# TASK OBJECTIVE
Print exactly the lines that run from the first line of the material to the line containing "Hey everybody, welcome", both ends included, and skip the pictures.

# DATA RECORDS
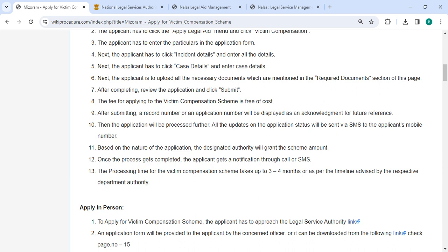Then the application will be processed further. All the updates on the application status will be sent via SMS to your registered mobile number. Based on the nature of the application, the designated authority will grant the scheme amount. Once the process gets completed, you will get a notification through call or SMS.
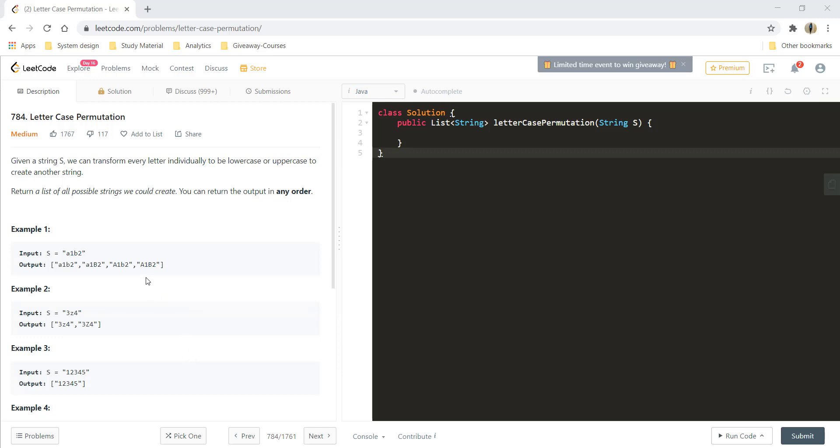Hi guys, welcome to Algorithms Made Easy. In this video we will go through the question Letter Case Permutation.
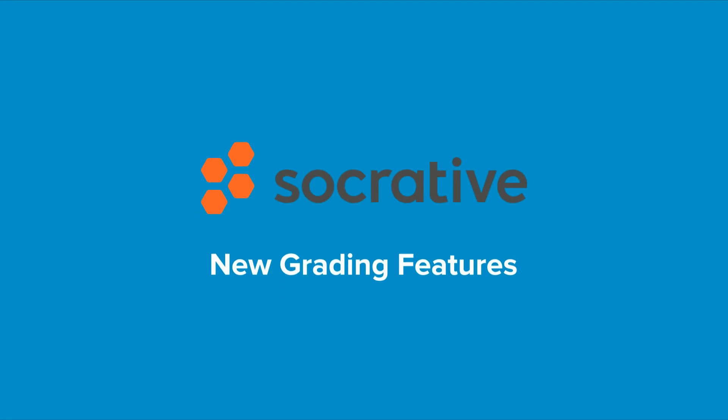Hello from the Socrative team. We've been hard at work on three brand new pro features for grading. We've just launched them and we're excited to share them with you.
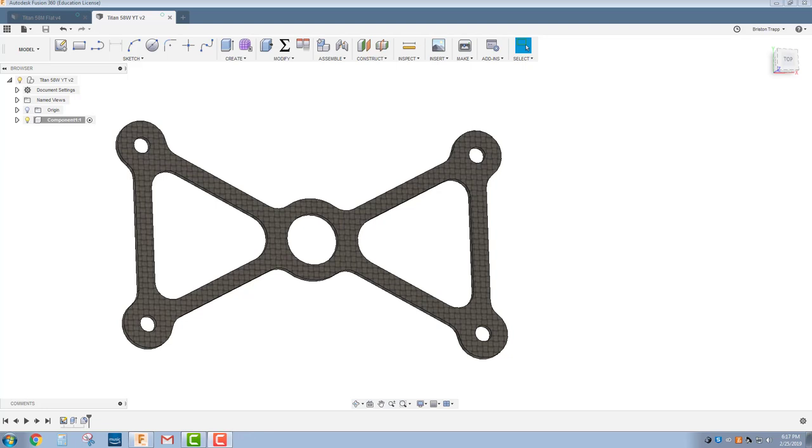Hey everybody, welcome back to another TRAP tutorial utilizing Autodesk Fusion 360 and the Titans of CNC Academy. I'm going to show you how to program this part to be cut out on the ProtoMax Waterjet. Once again, this is a modified Titan 58M.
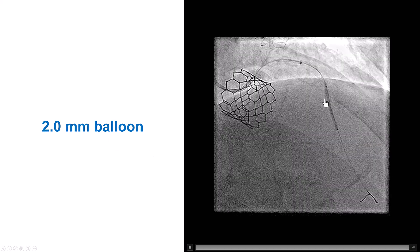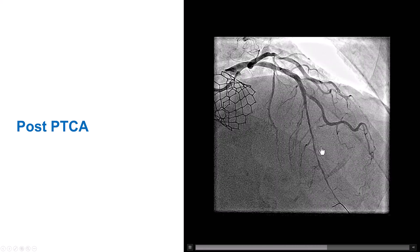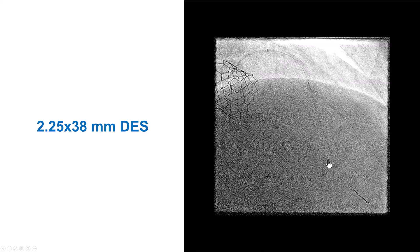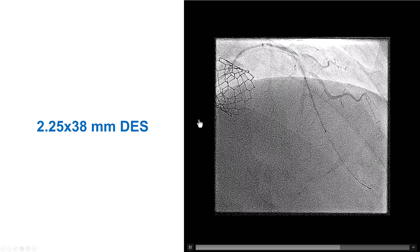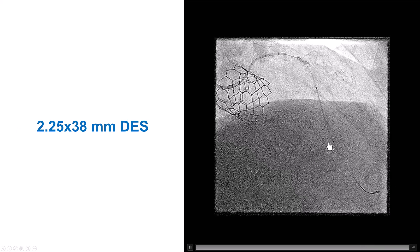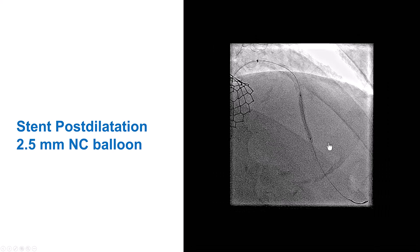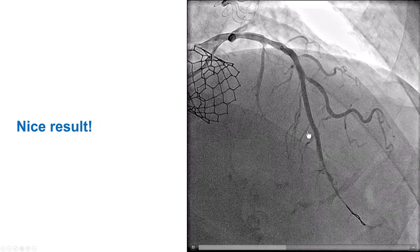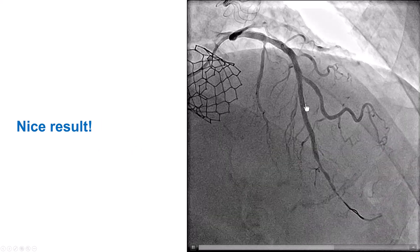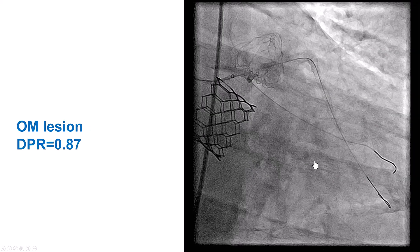The lesion expanded well with balloon dilations and restored TIMI-3 antegrade flow. We placed a 2.5 by 38 mm drug-eluting stent that showed good expansion. It was post-dilated with a 2.5 mm balloon, and we had good flow, although there was some diffuse distal disease.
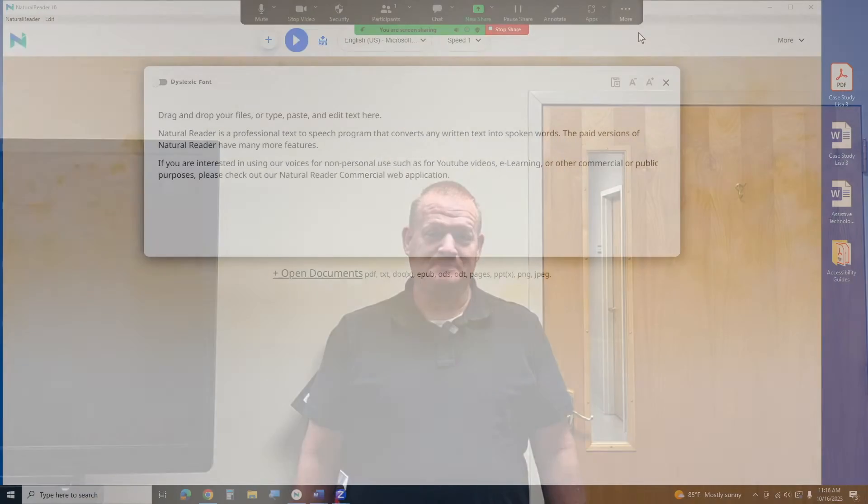Hi, my name is Brian Norton with the INDATA Project at Easterseals Crossroads and today we're going to be talking about the NaturalReader app. It's a text-to-speech engine. So let's go ahead and take a look.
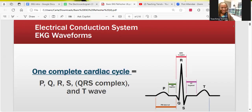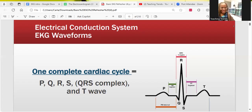The waveform PQRST tells us that the electrical conduction system has taken electricity from the SA node through the entire system to the Purkinje fibers to shock the heart — and one cardiac cycle is complete. Every single heartbeat will have a waveform on an EKG. The PQRST is the electrical representation of one heartbeat. This complex is made up of different waveforms labeled with letters of the alphabet: P, Q, R, S, and T. We're going to talk about what each of these waveforms means.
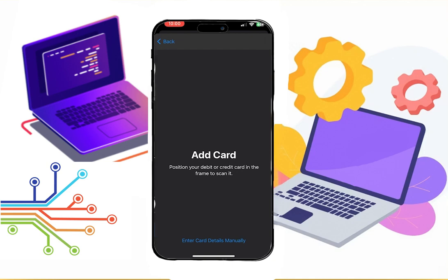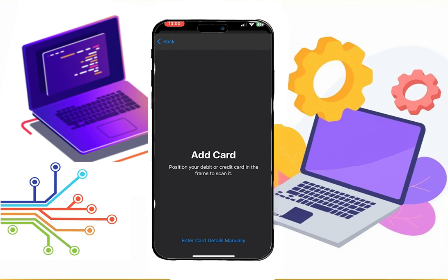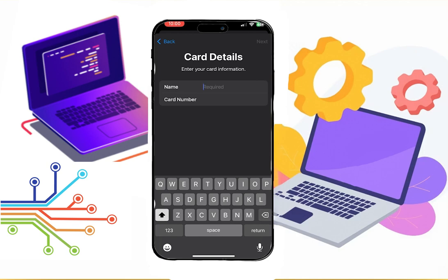Then you can either scan the card or enter the details manually. Let's go with the second option. Enter your name and card number.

# YOUR RESPONSE
Then the application will be processed further. All the updates on the application status will be sent via SMS to your registered mobile number. Based on the nature of the application, the designated authority will grant the scheme amount. Once the process gets completed, you will get a notification through call or SMS.
Hi guys, welcome to Algorithms Made Easy. In this video we will go through the question Letter Case Permutation.
Hello from the Socrative team. We've been hard at work on three brand new pro features for grading. We've just launched them and we're excited to share them with you.
Hey everybody, welcome back to another TRAP tutorial utilizing Autodesk Fusion 360 and the Titans of CNC Academy. I'm going to show you how to program this part to be cut out on the ProtoMax Waterjet. Once again, this is a modified Titan 58M.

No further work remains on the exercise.